Karabekir Akkoyunlu on religion and democracy in Turkey and Iran
Karabekir Akkoyunlu, Lecturer in Politics & International Studies at SOAS, on "Guardianship and Democracy in Iran and Turkey: Tutelary Consolidation, Popular Contestation" (Edinburgh University Press)
Iran is a religious theocracy, while Turkey was seen as a secularist tutelary regime for many decades. Why compare these two systems, which are ostensibly poles apart?
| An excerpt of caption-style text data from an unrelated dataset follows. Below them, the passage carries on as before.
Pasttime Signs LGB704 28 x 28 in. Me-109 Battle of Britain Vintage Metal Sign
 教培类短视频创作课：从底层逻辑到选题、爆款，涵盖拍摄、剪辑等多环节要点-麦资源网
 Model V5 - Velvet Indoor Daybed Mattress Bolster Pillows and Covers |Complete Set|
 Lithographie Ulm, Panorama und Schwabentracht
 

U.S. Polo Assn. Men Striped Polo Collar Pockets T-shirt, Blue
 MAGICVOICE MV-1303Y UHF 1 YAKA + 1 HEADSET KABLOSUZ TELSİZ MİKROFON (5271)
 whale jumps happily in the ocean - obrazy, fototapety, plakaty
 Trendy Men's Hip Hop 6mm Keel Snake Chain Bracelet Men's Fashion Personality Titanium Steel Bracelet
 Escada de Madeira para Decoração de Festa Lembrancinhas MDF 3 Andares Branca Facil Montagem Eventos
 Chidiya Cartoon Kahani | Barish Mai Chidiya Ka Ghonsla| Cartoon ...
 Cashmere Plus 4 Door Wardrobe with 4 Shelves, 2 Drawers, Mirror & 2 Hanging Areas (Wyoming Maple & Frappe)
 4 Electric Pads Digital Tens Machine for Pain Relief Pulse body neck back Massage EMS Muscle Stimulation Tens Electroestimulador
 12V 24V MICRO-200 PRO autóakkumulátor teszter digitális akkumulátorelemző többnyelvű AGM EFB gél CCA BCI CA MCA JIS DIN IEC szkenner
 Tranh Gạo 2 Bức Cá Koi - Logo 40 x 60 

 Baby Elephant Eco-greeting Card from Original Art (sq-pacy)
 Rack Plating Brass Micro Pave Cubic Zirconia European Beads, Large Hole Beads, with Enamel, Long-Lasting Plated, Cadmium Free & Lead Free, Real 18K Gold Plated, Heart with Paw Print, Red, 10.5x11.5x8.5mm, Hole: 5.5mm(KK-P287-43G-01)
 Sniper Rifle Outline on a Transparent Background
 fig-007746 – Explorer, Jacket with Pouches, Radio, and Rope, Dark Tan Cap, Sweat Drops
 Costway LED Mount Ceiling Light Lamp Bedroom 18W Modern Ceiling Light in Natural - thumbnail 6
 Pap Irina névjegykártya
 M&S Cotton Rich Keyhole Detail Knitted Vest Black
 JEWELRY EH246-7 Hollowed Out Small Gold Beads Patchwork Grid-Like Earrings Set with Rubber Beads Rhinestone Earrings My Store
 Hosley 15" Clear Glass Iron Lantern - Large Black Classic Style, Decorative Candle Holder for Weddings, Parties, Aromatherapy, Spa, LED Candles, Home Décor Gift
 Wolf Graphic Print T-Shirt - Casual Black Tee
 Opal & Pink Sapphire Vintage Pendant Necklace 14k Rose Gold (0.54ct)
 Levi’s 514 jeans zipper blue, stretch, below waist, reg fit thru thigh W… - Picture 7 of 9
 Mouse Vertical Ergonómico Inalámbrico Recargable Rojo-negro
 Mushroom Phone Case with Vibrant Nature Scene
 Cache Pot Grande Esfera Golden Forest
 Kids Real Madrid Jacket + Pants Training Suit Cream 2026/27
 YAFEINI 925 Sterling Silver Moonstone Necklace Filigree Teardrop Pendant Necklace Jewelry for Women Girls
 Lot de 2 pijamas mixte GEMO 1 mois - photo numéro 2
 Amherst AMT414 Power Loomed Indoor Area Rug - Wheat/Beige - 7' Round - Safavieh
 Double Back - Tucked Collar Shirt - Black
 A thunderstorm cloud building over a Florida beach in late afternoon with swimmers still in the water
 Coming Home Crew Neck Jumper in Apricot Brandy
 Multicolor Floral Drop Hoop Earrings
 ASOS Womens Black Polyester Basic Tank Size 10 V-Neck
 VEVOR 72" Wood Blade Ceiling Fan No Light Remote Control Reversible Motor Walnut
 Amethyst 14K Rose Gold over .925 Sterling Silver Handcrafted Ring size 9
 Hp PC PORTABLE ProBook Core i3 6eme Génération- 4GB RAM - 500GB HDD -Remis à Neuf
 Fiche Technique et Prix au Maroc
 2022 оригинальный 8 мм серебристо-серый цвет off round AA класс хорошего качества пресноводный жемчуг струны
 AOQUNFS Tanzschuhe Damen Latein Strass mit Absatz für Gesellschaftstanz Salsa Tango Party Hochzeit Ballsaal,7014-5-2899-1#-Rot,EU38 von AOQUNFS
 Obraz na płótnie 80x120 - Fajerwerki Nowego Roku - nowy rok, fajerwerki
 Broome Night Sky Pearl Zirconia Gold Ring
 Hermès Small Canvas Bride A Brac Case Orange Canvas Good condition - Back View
The comparison between Iran and Turkey is not very common in social science scholarship. There is some historical work that looks at the origins of the modernisation projects in Turkey and Iran, comparing Atatürk's era with his contemporary Reza Shah. But when it comes to more modern politics there is practically no serious work or research that looks at the two countries from a perspective of similarities, not necessarily contrasts. I think there are two reasons for that. One is that the political discourse about the two countries has become so pervasive that it's been almost taken on board by social scientists, political scientists, and international relations scholars themselves. That discourse has depicted Turkey and Iran since 1979 as polar opposites in all sorts of ways: Turkey being a pro-Western secular democracy, albeit a flawed one, and Iran being an anti-Western theocratic dictatorship. So it's like a black and white comparison or contrast. International relations scholarship has often taken on board these rather knee-jerk portrayals and caricaturisations.
That started changing when the AKP came to power in 2002. Over the course of the 21st century the "secular vs Islamic" binary was a bit complicated and muddled, but that led to new binaries emerging. Now that Turkey was under a Islamist government, the difference was within the framework of Islam, so Sunni Islam versus Shia Islam, or with reference to Turkey and Iran's imperial backgrounds: The Ottoman and neo-Ottoman versus Iranian imperial opposites. It's always this notion of rivalry and opposition that is taken almost for granted in popular journalistic discourse, which feeds into scholarship as well. Having had an interest in Iranian politics from the late 2000s, and then having gone to Iran, traveled there and studied its language, I realised that not only was this a superficial binary to take on board, it concealed something that I saw was actually quite striking in terms of similarity. That was the existence historically and more in contemporary politics of institutions and actors of regime guardianship acting "in the interest of the nation and the people" in order to preserve a certain political ideological framework. In Turkey that was Kemalism and in Iran that was Khomeinism. I started taking interest in this and started looking more into how those discourses emerged in both countries, how they turned into political movements and institutions. I realised there was literally no attention being paid in popular, journalistic or academic fields into the similarity between these two countries on the basis of institutional architecture and ideological frameworks.
When I first started looking into this comparison in the late 2000s and early 2010s, the power struggle - between institutions of regime guardianship in both countries and the representatives of the people, as they call themselves, the elected governments - seemed to be reaching a new height. There was growing tension between those two sides in both countries. Politics was increasingly being articulated in terms of "guardianship vs democracy". That convinced me this is a comparison that needs to be made, explored further. I tried to do that in this book, which was originally my PhD thesis actually. I've spent a lot of time thinking and talking to people and reflecting on this concept.